CRADLE: Cradle to Cradle ist für Sie auch eine Frage gesellschaftlicher Dynamik?

Tim Janßen: Ja, das erlebe ich seit zwölf Jahren. Wir müssen Menschen begeistern, an Zukunftslösungen mitzuarbeiten – und zwar nicht mit einem verklärten Blick auf die Zukunft, sondern mit dem, was praktisch einfach heute funktioniert. Ich glaube, diese Begeisterung ist deutlich nachhaltiger als graue Theorie. Mir ist wichtig, dass wir als Gesellschaft alle Gelegenheiten ergreifen, um unsere Herausforderung zu bewältigen.
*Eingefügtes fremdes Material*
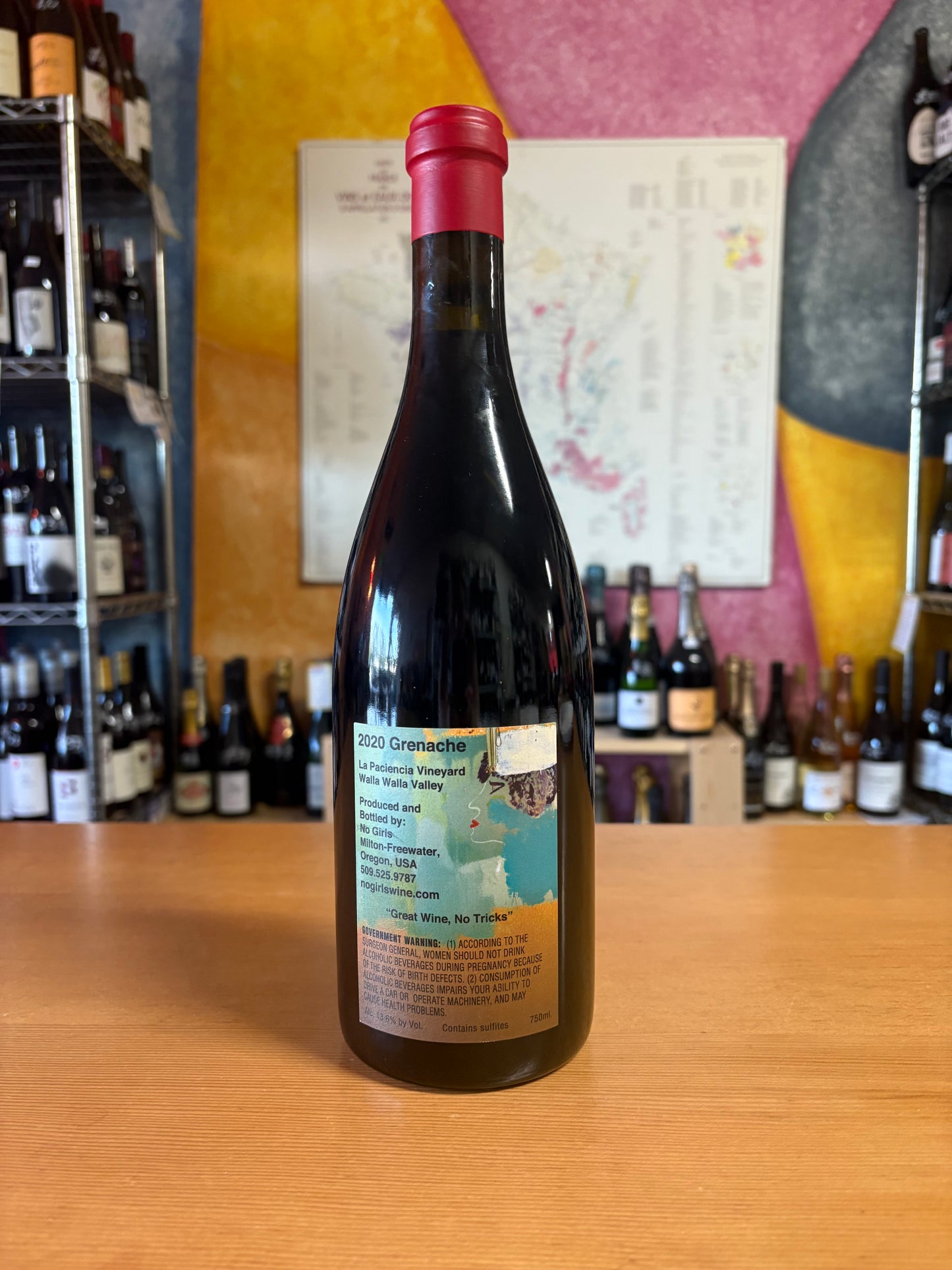 NO GIRLS 2020 Grenache 'La Pacienca Vyd' (Walla Walla, WA)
Und Freude daran haben, Teil dieser Veränderung zu sein. Dies ist ein wesentlicher Teil unserer Aufgabe. Es ist uns wichtig, möglichst viele Akteure dazu einzuladen, gerade auch die, die vielleicht heute noch nicht unserer Meinung sind. Mit ihnen wollen wir in einen Austausch zu kommen.

CRADLE: Sehen Sie sich mit Ihrer Organisation damit auch als Mutmacher?

Tim Janßen: Ich glaube, dass wir alles dafür tun müssen, auch gesellschaftlich, diese Einladung an unsere Innovationskraft auszusprechen. Dass wir alles dafür tun müssen, um unsere Chancen aufzuzeigen und uns als Nützlinge statt als Schädlinge zu begreifen. Wir leben aktuell in einem Umbruch, der erheblich ist. Doch wir haben guten Grund, mit Mut und Zuversicht auf unsere Handlungskraft zu blicken. Wir brauchen die Freude an einer positiven Gestaltung unserer Welt. Wir müssen Menschen dafür motivieren und sie auch mitnehmen auf diese Reise. Ja, ich glaube, das hat dann auch ganz viel mit anderen Themen zu tun, die uns gerade bewegen. Seien es die Themen Demokratie, Globalisierung, internationale Zusammenarbeit oder eben auch die Klimaveränderung vor Ort.